**Records supplied**
---
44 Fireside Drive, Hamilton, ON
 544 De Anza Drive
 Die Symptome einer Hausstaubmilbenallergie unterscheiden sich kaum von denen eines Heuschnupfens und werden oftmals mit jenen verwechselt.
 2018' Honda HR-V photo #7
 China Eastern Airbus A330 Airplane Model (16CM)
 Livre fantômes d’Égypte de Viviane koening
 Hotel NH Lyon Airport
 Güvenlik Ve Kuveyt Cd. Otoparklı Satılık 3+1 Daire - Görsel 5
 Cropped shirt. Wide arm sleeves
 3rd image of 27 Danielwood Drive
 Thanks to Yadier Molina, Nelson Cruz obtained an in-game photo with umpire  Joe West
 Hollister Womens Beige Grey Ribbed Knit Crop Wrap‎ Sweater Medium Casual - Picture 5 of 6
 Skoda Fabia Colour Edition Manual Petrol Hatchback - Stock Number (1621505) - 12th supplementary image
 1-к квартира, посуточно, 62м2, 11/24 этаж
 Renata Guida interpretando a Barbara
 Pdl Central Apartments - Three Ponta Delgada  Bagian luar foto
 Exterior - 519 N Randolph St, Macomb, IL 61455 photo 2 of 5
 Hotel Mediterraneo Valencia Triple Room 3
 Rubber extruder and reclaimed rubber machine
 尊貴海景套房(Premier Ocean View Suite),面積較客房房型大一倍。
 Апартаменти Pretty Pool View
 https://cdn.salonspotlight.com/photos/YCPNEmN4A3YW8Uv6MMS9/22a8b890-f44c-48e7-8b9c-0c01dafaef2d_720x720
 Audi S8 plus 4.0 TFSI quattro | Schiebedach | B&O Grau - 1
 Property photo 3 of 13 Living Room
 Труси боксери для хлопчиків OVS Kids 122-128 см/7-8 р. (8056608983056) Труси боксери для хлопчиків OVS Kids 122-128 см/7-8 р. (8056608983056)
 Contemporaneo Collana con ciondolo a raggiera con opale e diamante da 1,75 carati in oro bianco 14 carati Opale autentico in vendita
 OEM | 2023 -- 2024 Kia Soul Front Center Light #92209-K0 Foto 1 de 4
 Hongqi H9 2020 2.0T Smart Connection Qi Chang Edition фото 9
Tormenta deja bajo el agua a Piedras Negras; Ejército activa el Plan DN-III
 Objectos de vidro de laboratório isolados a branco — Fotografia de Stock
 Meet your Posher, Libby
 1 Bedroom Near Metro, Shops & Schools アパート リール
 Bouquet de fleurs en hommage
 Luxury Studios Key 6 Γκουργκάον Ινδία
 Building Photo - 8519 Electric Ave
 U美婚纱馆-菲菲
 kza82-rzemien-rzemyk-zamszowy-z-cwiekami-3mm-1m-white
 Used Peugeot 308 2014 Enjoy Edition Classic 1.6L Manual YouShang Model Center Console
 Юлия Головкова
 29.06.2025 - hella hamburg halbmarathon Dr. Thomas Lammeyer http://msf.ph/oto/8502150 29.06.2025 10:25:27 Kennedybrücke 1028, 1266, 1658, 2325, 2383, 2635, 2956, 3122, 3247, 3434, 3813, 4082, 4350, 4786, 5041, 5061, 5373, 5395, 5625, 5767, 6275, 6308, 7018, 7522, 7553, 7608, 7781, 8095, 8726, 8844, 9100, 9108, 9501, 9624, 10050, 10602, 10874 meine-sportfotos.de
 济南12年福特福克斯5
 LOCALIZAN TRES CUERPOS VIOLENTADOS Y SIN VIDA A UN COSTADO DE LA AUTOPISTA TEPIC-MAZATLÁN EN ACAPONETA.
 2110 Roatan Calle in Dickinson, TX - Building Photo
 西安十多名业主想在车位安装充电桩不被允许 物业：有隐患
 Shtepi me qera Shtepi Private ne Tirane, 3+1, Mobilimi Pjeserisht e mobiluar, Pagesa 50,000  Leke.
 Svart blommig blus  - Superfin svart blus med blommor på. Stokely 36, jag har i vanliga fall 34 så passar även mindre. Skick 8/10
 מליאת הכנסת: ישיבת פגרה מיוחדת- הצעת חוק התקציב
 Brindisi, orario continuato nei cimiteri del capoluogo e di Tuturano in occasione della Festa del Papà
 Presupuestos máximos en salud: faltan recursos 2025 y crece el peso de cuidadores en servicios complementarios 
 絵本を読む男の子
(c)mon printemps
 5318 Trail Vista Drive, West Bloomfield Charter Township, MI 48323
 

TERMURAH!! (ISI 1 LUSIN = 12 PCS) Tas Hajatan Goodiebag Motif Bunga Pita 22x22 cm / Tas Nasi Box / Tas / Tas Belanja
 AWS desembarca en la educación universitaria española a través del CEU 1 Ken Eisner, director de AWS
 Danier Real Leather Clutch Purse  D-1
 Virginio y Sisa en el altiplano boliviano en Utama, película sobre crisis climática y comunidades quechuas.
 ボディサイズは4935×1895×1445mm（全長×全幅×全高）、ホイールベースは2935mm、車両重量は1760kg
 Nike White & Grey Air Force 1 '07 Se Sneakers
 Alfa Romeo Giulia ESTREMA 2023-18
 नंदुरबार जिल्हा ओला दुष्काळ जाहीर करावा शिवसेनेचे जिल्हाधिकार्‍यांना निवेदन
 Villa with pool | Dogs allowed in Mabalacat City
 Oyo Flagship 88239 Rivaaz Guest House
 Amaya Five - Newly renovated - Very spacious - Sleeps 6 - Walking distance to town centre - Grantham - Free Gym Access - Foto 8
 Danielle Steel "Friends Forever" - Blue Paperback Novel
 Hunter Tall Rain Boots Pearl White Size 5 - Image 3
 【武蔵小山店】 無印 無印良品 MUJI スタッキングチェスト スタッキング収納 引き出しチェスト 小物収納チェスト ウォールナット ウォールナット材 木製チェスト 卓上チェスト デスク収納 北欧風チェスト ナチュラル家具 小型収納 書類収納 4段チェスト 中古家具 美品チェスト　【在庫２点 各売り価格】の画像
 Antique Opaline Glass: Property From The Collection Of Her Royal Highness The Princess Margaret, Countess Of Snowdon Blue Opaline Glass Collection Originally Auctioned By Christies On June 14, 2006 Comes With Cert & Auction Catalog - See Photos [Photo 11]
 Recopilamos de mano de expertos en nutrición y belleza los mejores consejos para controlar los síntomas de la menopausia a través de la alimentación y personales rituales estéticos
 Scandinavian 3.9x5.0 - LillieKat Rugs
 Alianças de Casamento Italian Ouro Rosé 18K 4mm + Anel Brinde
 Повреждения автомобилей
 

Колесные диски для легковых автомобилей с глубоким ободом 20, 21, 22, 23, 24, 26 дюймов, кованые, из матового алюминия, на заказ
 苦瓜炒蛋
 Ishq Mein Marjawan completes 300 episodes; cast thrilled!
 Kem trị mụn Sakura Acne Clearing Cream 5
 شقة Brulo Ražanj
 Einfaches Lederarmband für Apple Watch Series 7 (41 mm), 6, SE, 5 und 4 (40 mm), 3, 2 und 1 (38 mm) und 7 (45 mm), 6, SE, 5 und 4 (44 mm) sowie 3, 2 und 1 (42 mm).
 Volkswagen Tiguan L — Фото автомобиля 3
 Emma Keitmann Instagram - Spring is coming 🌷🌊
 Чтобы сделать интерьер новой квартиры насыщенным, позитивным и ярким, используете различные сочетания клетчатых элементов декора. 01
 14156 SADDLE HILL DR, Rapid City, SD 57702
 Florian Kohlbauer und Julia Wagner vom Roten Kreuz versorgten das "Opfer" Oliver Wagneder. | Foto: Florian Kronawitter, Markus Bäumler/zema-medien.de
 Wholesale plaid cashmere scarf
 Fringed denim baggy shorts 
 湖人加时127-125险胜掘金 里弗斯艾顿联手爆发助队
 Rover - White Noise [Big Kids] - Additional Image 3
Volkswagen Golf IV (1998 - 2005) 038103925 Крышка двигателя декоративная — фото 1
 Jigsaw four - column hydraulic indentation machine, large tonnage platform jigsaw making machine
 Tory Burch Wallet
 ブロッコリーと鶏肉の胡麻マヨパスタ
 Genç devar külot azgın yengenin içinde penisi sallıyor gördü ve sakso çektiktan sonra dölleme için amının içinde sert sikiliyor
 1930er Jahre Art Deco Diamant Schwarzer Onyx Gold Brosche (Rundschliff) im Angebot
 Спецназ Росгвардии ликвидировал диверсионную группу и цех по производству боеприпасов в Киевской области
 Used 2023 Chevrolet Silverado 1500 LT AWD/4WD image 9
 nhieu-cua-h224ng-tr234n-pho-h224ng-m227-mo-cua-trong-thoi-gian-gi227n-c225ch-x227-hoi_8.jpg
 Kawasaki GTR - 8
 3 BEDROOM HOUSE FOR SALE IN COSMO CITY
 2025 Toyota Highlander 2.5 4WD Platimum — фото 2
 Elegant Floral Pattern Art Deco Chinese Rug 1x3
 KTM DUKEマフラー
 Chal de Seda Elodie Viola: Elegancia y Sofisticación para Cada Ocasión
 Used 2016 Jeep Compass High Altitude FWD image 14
---
**What you need to do**
Only one stretch of the records above is wanted: the lines between the one holding "Hunter Tall Rain" and the one holding "Volkswagen Tiguan L — Фото автомобиля 3", inclusive, reproduced exactly.

**Response to this exercise**
 Hunter Tall Rain Boots Pearl White Size 5 - Image 3
 【武蔵小山店】 無印 無印良品 MUJI スタッキングチェスト スタッキング収納 引き出しチェスト 小物収納チェスト ウォールナット ウォールナット材 木製チェスト 卓上チェスト デスク収納 北欧風チェスト ナチュラル家具 小型収納 書類収納 4段チェスト 中古家具 美品チェスト　【在庫２点 各売り価格】の画像
 Antique Opaline Glass: Property From The Collection Of Her Royal Highness The Princess Margaret, Countess Of Snowdon Blue Opaline Glass Collection Originally Auctioned By Christies On June 14, 2006 Comes With Cert & Auction Catalog - See Photos [Photo 11]
 Recopilamos de mano de expertos en nutrición y belleza los mejores consejos para controlar los síntomas de la menopausia a través de la alimentación y personales rituales estéticos
 Scandinavian 3.9x5.0 - LillieKat Rugs
 Alianças de Casamento Italian Ouro Rosé 18K 4mm + Anel Brinde
 Повреждения автомобилей
 

Колесные диски для легковых автомобилей с глубоким ободом 20, 21, 22, 23, 24, 26 дюймов, кованые, из матового алюминия, на заказ
 苦瓜炒蛋
 Ishq Mein Marjawan completes 300 episodes; cast thrilled!
 Kem trị mụn Sakura Acne Clearing Cream 5
 شقة Brulo Ražanj
 Einfaches Lederarmband für Apple Watch Series 7 (41 mm), 6, SE, 5 und 4 (40 mm), 3, 2 und 1 (38 mm) und 7 (45 mm), 6, SE, 5 und 4 (44 mm) sowie 3, 2 und 1 (42 mm).
 Volkswagen Tiguan L — Фото автомобиля 3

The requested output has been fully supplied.